Даже непримиримый к временщику Ключевский пишет: «Бирон с креатурами своими не принимал прямого, точнее, открытого участия в управлении: он ходил крадучись, как тать, позади престола». Соловьев же считает, что фаворит во внутренние государственные дела вообще не вмешивался, лишь способствуя или препятствуя инициативам, исходящим от других. В чем он, несомненно, верховодил, так это в сфере дворцовых и придворных событий – но это предполагала должность обер-камергера. И все же влияние временщика на большую политику было пускай не прямым, но весьма ощутимым. Ведь политику проводят конкретные лица, а их взлет и падение в значительной степени зависели от расположения Бирона.
Кроме того Эрнст-Иоганн исполнял при императрице роль личного секретаря, через которого проходила вся ее корреспонденция, – это очень важная аппаратная функция, а в России со времен петровского кабинет-секретаря Макарова еще и окруженная ореолом особой почтительности.
Чего было больше от бироновской закулисной режиссуры – вреда или пользы, тоже вопрос неочевидный. Щербатов, например, утверждает: «Хотя трепетал весь двор, хотя не было ни единого вельможи, который бы от злобы Бирона не ждал себе несчастия, но народ был порядочно управляем. Не был отягощен налогами, законы издавались ясны, а исполнялись в точности» – при этом, как мы видели, князь вовсе не был бироновским сторонником.

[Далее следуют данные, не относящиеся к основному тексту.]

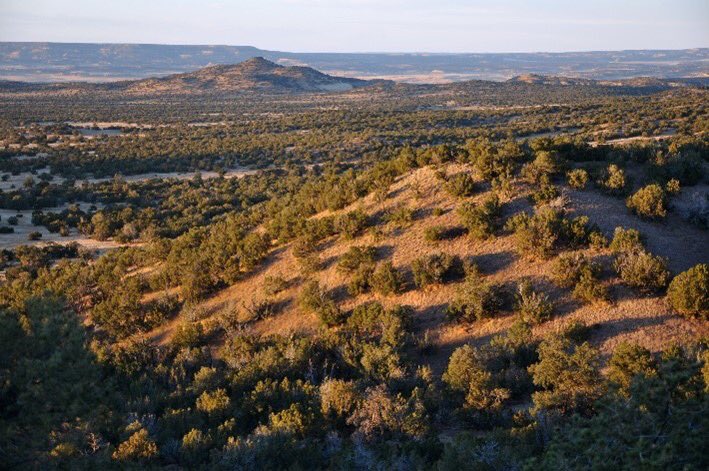 BLMNewMexico's tweet photo. On the first day of BLM, Seymour gave to me: A finch in a juniper tree! BLM offices are selling Christmas tree permits for harvest of piรฑon and juniper for $5 through 12/23. Get a permit at https://t.co/Cm1JBcwdh4. More information at: https://t.co/jSajOBIvBr ย #12DaysofBLM https://t.co/ZovqPM7tMq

В чем граф-герцог точно был не повинен, так это в приписываемом ему хищническом казнокрадстве. И. Курукин подробно изучил бухгалтерию бироновских доходов и пришел к выводу, что фаворит не воровал, да и не имел в том надобности. У обер-камергера было высокое, по чину и должности, жалованье – 4 188 рублей 30 копеек (тогдашний губернатор получал в пять раз меньше); от своих личных и герцогских владений он имел без малого 300 тысяч талеров ренты; и один раз, по случаю мира с Турцией, императрица подарила ему полмиллиона рублей.

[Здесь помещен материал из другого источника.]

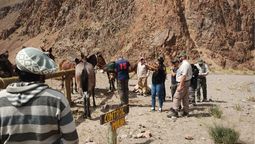 Avanza la causa por maltrato animal en el Parque Aconcagua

Кроме Бирона близ Анны находились и другие немцы, разной степени полезности.
Во-первых, это, конечно, был Остерман, которому каким-то образом удалось откреститься от своей подписи под «кондициями» и продемонстрировать новой царице свою пресловутую незаменимость. Барон продолжает оставаться главным в государственной машине человеком. Благодаря уму и опытности его аппаратное влияние всё расширялось, что не могло не настораживать Бирона, хоть Андрей Иванович и очень старался не ссориться с временщиком. Зато Остерман находился в прекрасных отношениях с братьями Левенвольде, которых любила и отличала императрица.
«Левенвольдов», как их называли русские, было трое, но по-настоящему важной персоной следует считать лишь старшего, Карла-Густава, который стал обер-шталмейстером (главой придворного конюшенного ведомства) и командиром гвардейского Измайловского полка. Де Лириа пишет про Левенвольде-старшего, что он «имел дарования и был ловкий, смелый, отважный и лживый человек», а также «был великий игрок, и притом очень скуп, способен на подкуп, но благоразумен в советах».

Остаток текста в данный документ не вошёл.